WATER RESOURCES RESEARCH, cilt.51, ss.1127-1157, 2015 (SCI İndekslerine Giren Dergi)

  • Cilt numarası: 51 Konu: 2
  • Basım Tarihi: 2015
  • Doi Numarası: 10.1002/2014wr016169
  • Dergi Adı: WATER RESOURCES RESEARCH
  • Sayfa Sayısı: ss.1127-1157

Özet

Solar radiation has a clear signature on the spatial organization of ecohydrologic fluxes, vegetation patterns and dynamics, and landscape morphology in semiarid ecosystems. Existing landscape evolution models (LEMs) do not explicitly consider spatially explicit solar radiation as model forcing. Here, we improve an existing LEM to represent coupled processes of energy, water, and sediment balance for semiarid fluvial catchments. To ground model predictions, a study site is selected in central New Mexico where hillslope aspect has a marked influence on vegetation patterns and landscape morphology. Model predictions are corroborated using limited field observations in central NM and other locations with similar conditions. We design a set of comparative LEM simulations to investigate the role of spatially explicit solar radiation on landscape ecohydro-geomorphic development under different uplift scenarios.
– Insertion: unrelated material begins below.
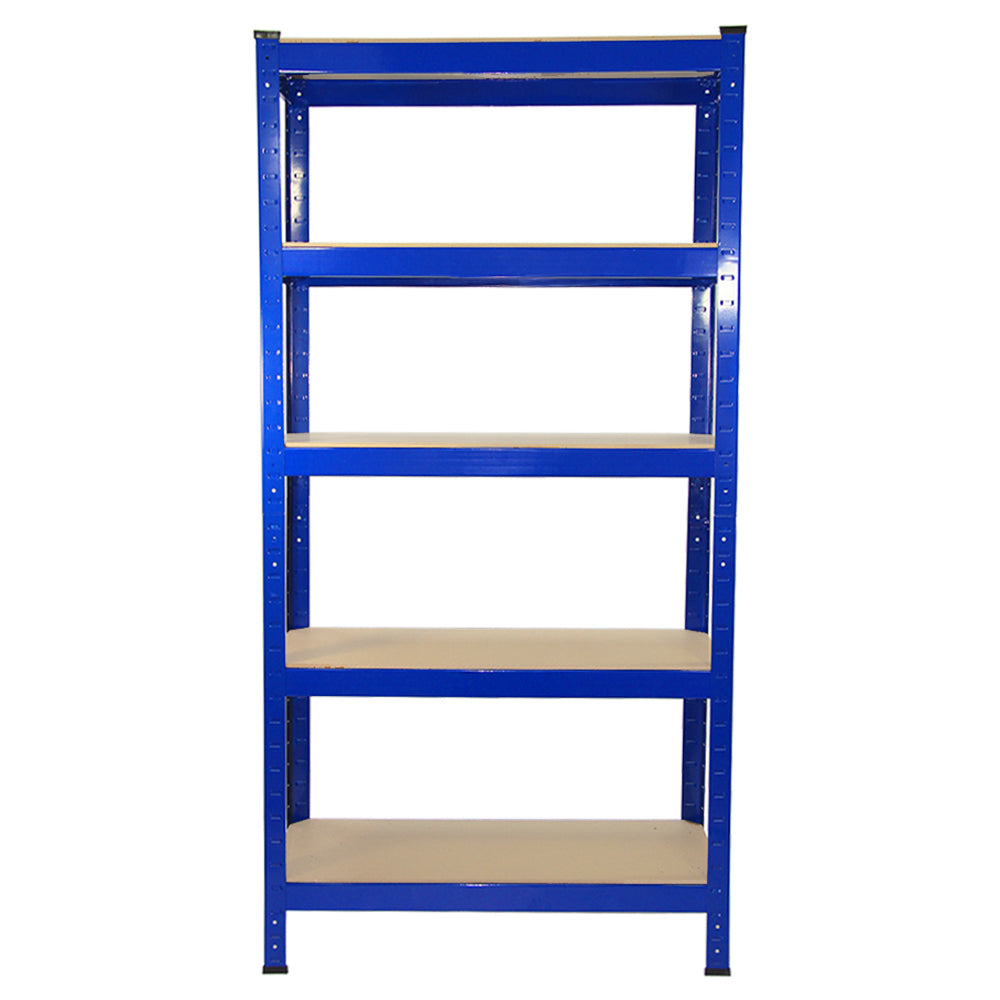 Heavy-duty blue steel shelving unit with five tiers and sturdy beige shelves, ideal for garage or warehouse storage solutions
Aspect-control and network-control are identified as the two main drivers of soil moisture and vegetation organization on the landscape. Landscape-scale and long-term implications of these short-term ecohdrologic patterns emerged in modeled landscapes. As north facing slopes (NFS) get steeper by continuing uplift they support erosion-resistant denser vegetation cover which leads to further slope steepening until erosion and uplift attains a dynamic equilibrium. Conversely, on south facing slopes (SFS), as slopes grow with uplift, increased solar radiation exposure with slope supports sparser biomass and shallower slopes. At the landscape scale, these differential erosion processes lead to asymmetric development of catchment forms, consistent with regional observations. Understanding of ecohydrogeomorphic evolution will improve to assess the impacts of past and future climates on landscape response and morphology.